Si l’option controversée de traduire en justice Karim Wade et Hissène Habré a renforcé le palmarès impressionnant de cet inusable défenseur des droits humains, l’homosexualité pourrait lui coûter une sortie de route ministérielle. Me Sidiki Kaba a manifestement du mal à se débarrasser de son costume d’activiste des droits de l’Homme. Un point sur lequel le successeur d’Aminata Touré file le parfait désamour avec l’opinion publique sénégalaise. Et compte ne pas céder.

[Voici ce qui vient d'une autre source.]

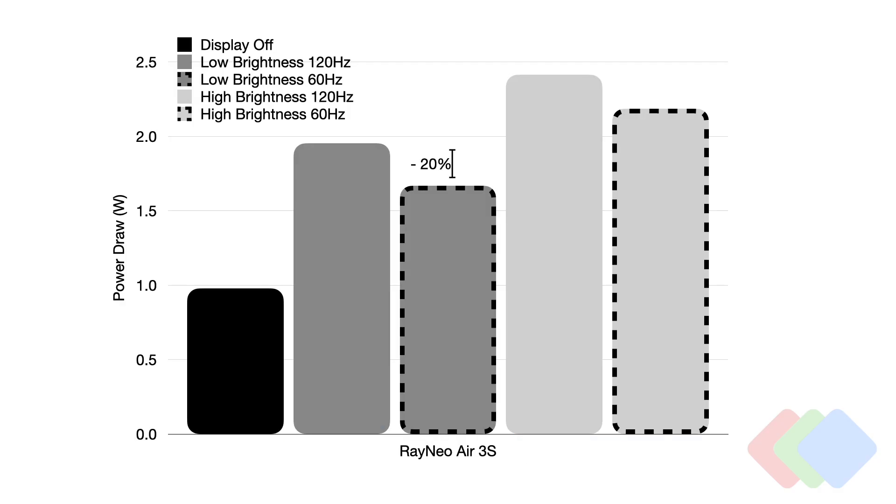What's interesting to take a look at is the performance of the displays at different refresh rates. On the left side we have Rainio Air 3s, which operate at either 60 or 120 hertz. While technically this functionality can be enabled for all of them, only Rainio allows it for the native user interface. There's a small decrease between 120 and 60 hertz — about 20% lower power consumption when going from 120 hertz modes down to the 60 hertz modes shown in the dashed black lines.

Ce petit homme au teint clair, toujours en costume cravate, peut dire merci au caricaturiste Damien Glez, au chanteur Waly Seck et, dans une moindre mesure, au fugitif Boy Djinné. Grâce à eux, l’œil d’un cyclone médiatique qui se dirigeait sur lui a bifurqué dans d’autres directions. Et dans le même temps, il a dû vertement savonner ses deux fils qui ont failli le replonger dans la marmite de la presse, en commettant la bourde d’avoir été pris en flagrant délit de conduite sans permis et d’outrage à agents. Ce qui aurait été le comble pour un ministre de la justice. Mais plus de peur que de mal pour lui. L’étau se desserre après sa mise au point du texte législatif, l’article 319, sur l’homosexualité, la charge des associations anti-gays, d’une partie de l’intelligentsia, de l’avocat Me El hadji Diouf qui ont demandé que ce sexagénaire, natif de Tambacounda soit démis, ‘‘expulsé’’ même de ses fonctions ministérielles.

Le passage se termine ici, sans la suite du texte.